Use ONLY Manufacturer OEM Parts
While you can certainly save a few dollars purchasing generic or “second market” parts from outfits like Advance Auto Parts, should that part cause a bigger problem in your vehicle it could void your warranty and the cost of the repair would become YOUR responsibility. That is why it is recommended that only Manufacturer recommended brand parts (sometimes referred to as OEM Parts) be used when you are in for maintenance or repair. To protect your warranty, our dealerships’ service teams will verify your warranty coverage before they build out your repair order. Should your warranty require a specific OEM brand part, they will NOT use anything less than what is required to keep you in good standing with your warranty provider.
Modifications and Uplifts
While you own your vehicle, sometimes having modifications made to your vehicle can void your factory warranty. Even something as simple as adding a hitch or lifting the suspension that is not done by a factory authorized service center can jeopardize your coverage. Before going through the expense of enhancing your vehicle, check your warranty to see what limitations are in place.
Keep Your Receipts
While bringing your vehicle into a factory authorized dealership for service will ensure that the warranty guidelines will be upheld, sometimes it isn’t possible. No matter if its a simple oil change or tire replacement, ALWAYS keep your receipts for any work done by a third-part service center. Should your vehicle develop an issue later, it is important to prove that you adhered to your warranty’s required maintenance schedule to have your warranty pay for the repairs.
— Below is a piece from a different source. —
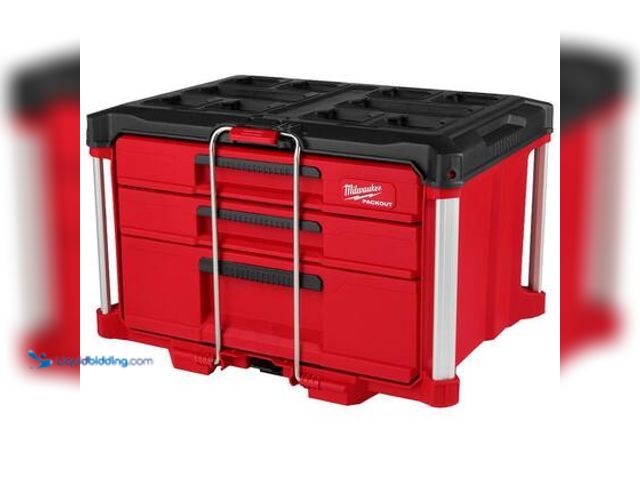 Lot 49-5539681 - Milwaukee PACKOUT 22 in. Modular 3-Drawer Multi Drawer Tool Box with Metal Reinforced Corners and 50...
Keeping your receipts will also come in handy if you are considering selling or trading in your vehicle. Should your factory warranty be transferrable, you need to show that all recommended regular maintenance, recalls, and repairs have been properly completed. Not only will this prove the vehicle in is good mechanical condition, but it can also improve the trade in car value of your car, SUV or Truck.
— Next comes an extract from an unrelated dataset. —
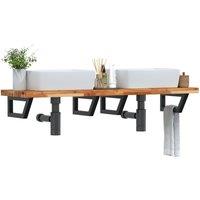 Berkfield Home Basin Shelf Wall Mounted Steel & Solid Wood Acacia in Brown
Are the Rules the Same for an Extended Warranty?
You may have chosen to extend your factory warranty by purchasing an extended car warranty. Deciding if it is worth getting extended car warranty coverage will be based on how long you plan on keeping the vehicle, how many miles you expect to put on the vehicle each year, and if it is worth buying extended car warranty from a cost factor.
But generally, the same rules apply to protecting your extended car warranty as they would for the factory warranty that came with the purchase of the vehicle.
New Car Vs Used Car Warranty
If you purchased your vehicle as a used car, the same rules apply when trying to protect your Certified Pre-Owned Warranty. What is duration of the warranty as well as covered under warranty for the car will be different. You should be able to answer “what does a car warranty cover” as well as “how long will I have coverage” when you are looking at a vehicle. What is covered will vary from manufacturer to manufacturer, and the length of coverage will be based on how old the vehicle is and how many miles are on the odometer.
In a Nut Shell
Knowing what is covered, what is excluded and how to protect your warranty upfront will help you love your car in the long-run. So take it from us: Know your coverage, adhere to your maintenance schedule, keep all your receipts and always use manufacturer recommended OEM Parts. Follow these rules and if disaster should happen, know that you will be protected.